What you will do |
Your answer must be the exact lines below, starting with the line with "#1114 15 RICHARDSON STREET - 6" and going on through the line with "защиты детей В", both included, with no pictures.

Provided material |
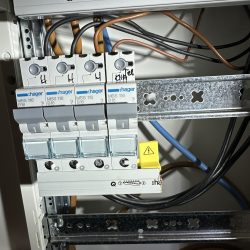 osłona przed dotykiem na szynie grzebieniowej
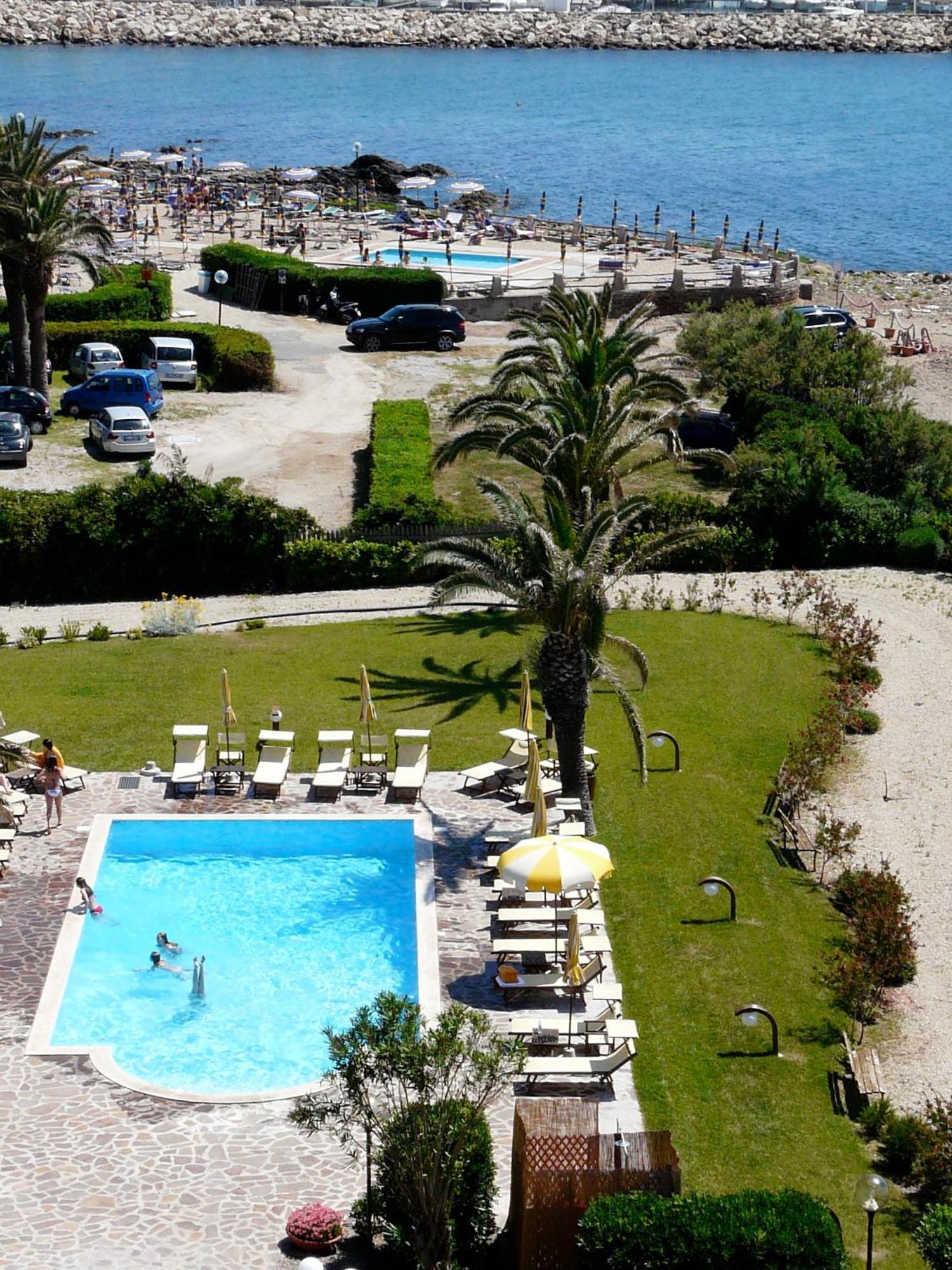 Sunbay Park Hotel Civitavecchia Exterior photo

...

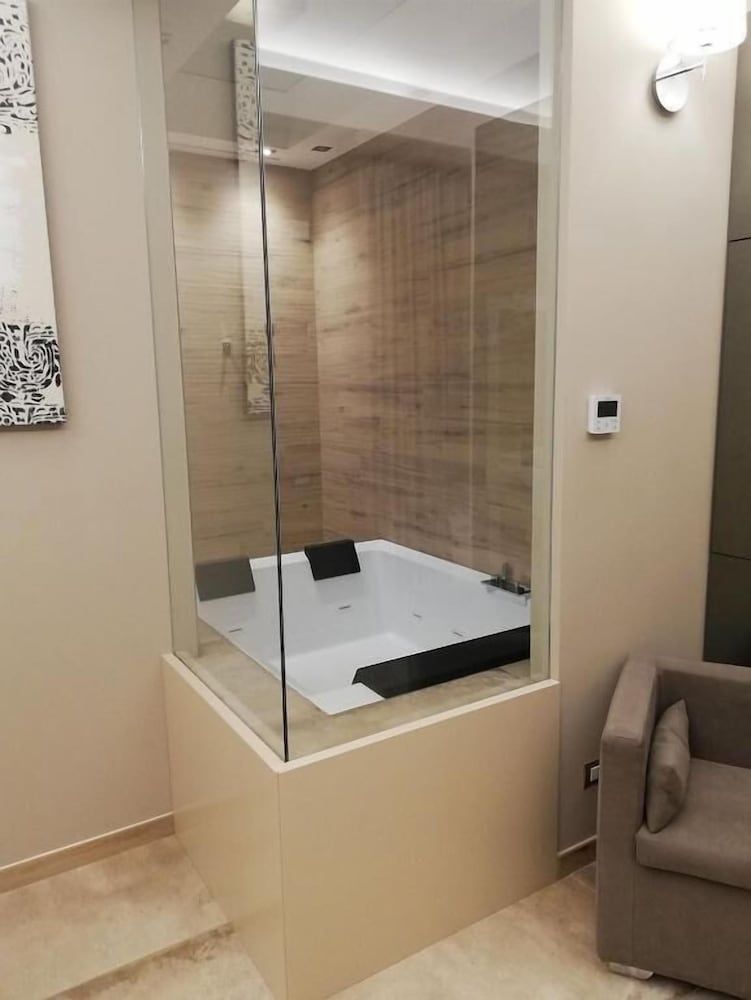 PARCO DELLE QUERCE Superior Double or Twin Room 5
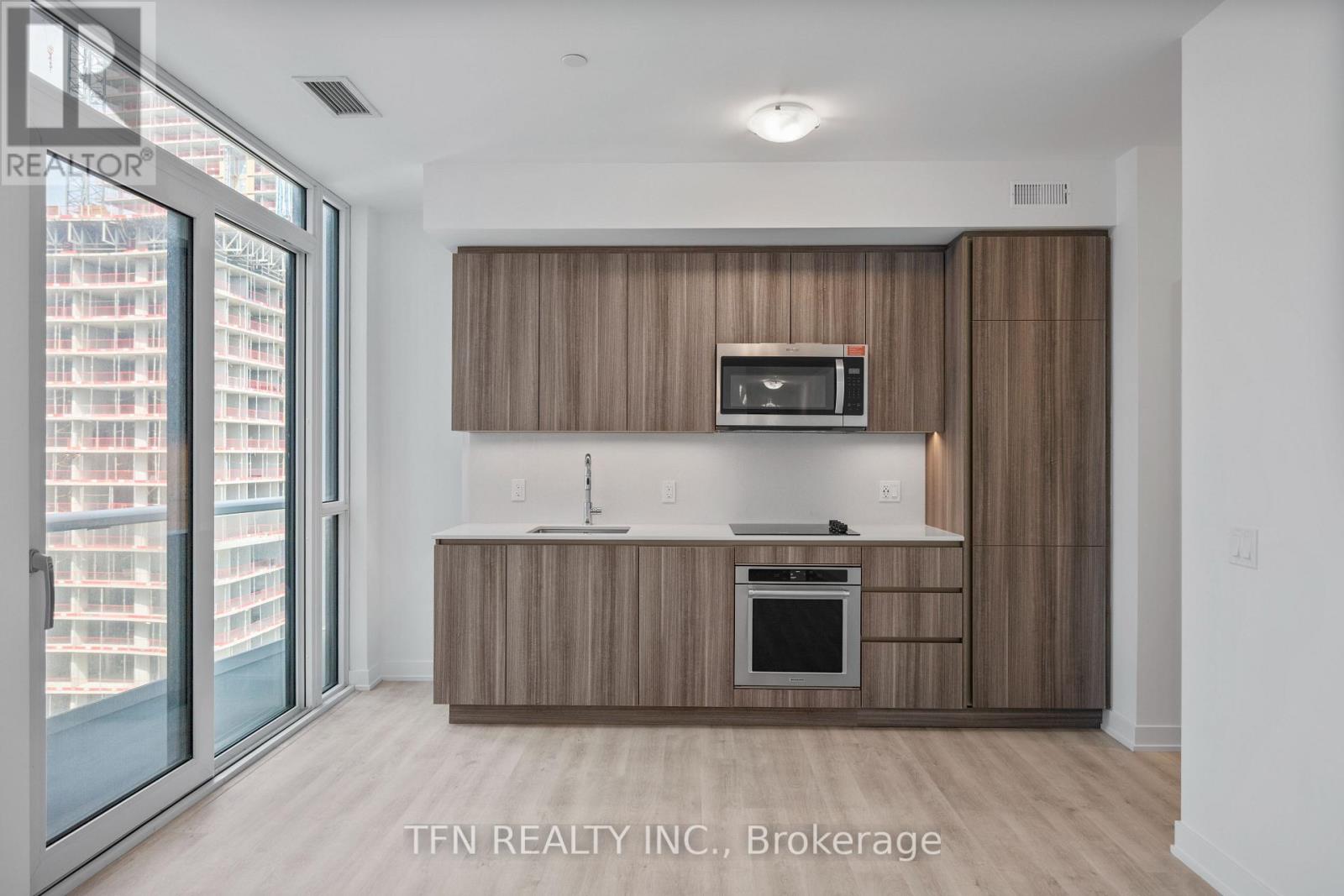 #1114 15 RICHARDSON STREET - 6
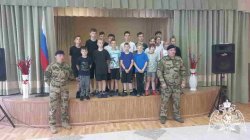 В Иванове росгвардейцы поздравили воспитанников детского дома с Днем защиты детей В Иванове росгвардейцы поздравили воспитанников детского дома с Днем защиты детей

Solved exercise |
 #1114 15 RICHARDSON STREET - 6
 В Иванове росгвардейцы поздравили воспитанников детского дома с Днем защиты детей В Иванове росгвардейцы поздравили воспитанников детского дома с Днем защиты детей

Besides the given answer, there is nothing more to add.